Né en 1940 dans une famille paysanne de Franche-Comté, Jacques Bouveresse découvre à l’École normale supérieure, au début des années 1960, un univers intellectuel parisien – dominé par Althusser, Lacan, Lévi-Strauss et le structuralisme – qui lui est étranger et le demeurera. Infiniment plus proche du rationalisme français, celui de Cavaillès, Canguilhem, Granger ou Vuillemin, et lui-même profondément français par son style et son rayonnement intellectuel, Bouveresse l’est toutefois nettement moins par ses sources d’inspiration, qu’elles soient littéraires, scientifiques ou philosophiques, ce qui a fréquemment donné lieu à un malentendu.

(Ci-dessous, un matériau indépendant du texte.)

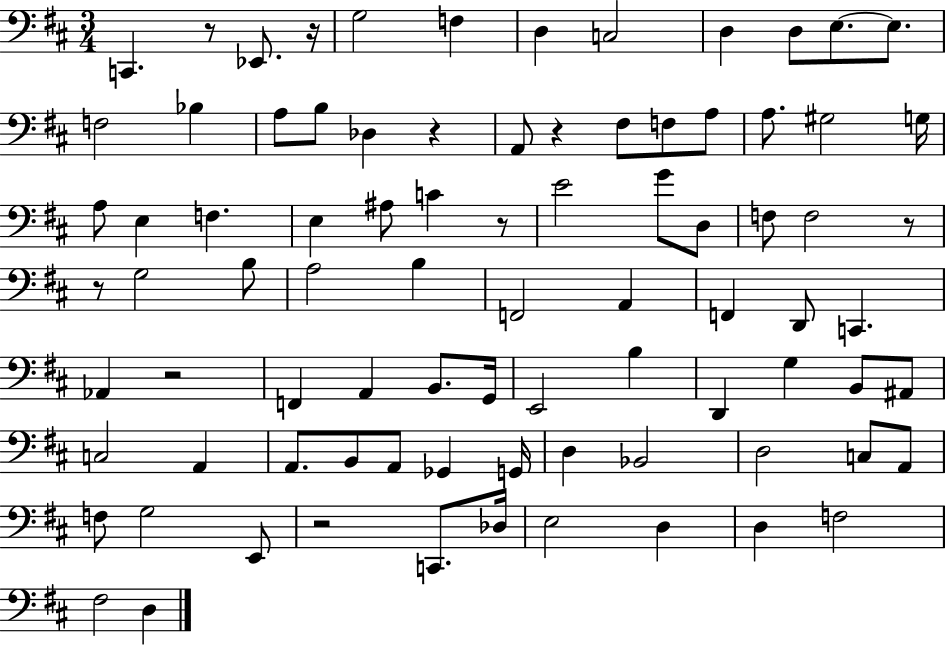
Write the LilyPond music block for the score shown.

{
  \clef bass
  \numericTimeSignature
  \time 3/4
  \key d \major
  \repeat volta 2 { c,4. r8 ees,8. r16 | g2 f4 | d4 c2 | d4 d8 e8.~~ e8. | \break f2 bes4 | a8 b8 des4 r4 | a,8 r4 fis8 f8 a8 | a8. gis2 g16 | \break a8 e4 f4. | e4 ais8 c'4 r8 | e'2 g'8 d8 | f8 f2 r8 | \break r8 g2 b8 | a2 b4 | f,2 a,4 | f,4 d,8 c,4. | \break aes,4 r2 | f,4 a,4 b,8. g,16 | e,2 b4 | d,4 g4 b,8 ais,8 | \break c2 a,4 | a,8. b,8 a,8 ges,4 g,16 | d4 bes,2 | d2 c8 a,8 | \break f8 g2 e,8 | r2 c,8. des16 | e2 d4 | d4 f2 | \break fis2 d4 | } \bar "|."
}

Pour avoir contribué à la découverte en France d’auteurs tels que Dummett, Putnam ou Quine ainsi qu’à la reconnaissance des enjeux philosophiques de la « révolution frégéenne » en logique, Jacques Bouveresse a régulièrement été perçu et présenté, à tort, comme un représentant de la philosophie analytique anglo-américaine, quand la plupart des auteurs qui ont nourri sa réflexion – de Bolzano, Helmholtz, Mach, Boltzmann et Frege à Carnap, Schlick, Neurath et Popper, et de Lichtenberg à Musil ou Kraus – sont de langue allemande et n’ont pour la plupart rien à voir avec la philosophie analytique. Ils appartiennent, il est vrai, à une tout autre tradition que celle à laquelle on identifie généralement, particulièrement en France, la philosophie allemande.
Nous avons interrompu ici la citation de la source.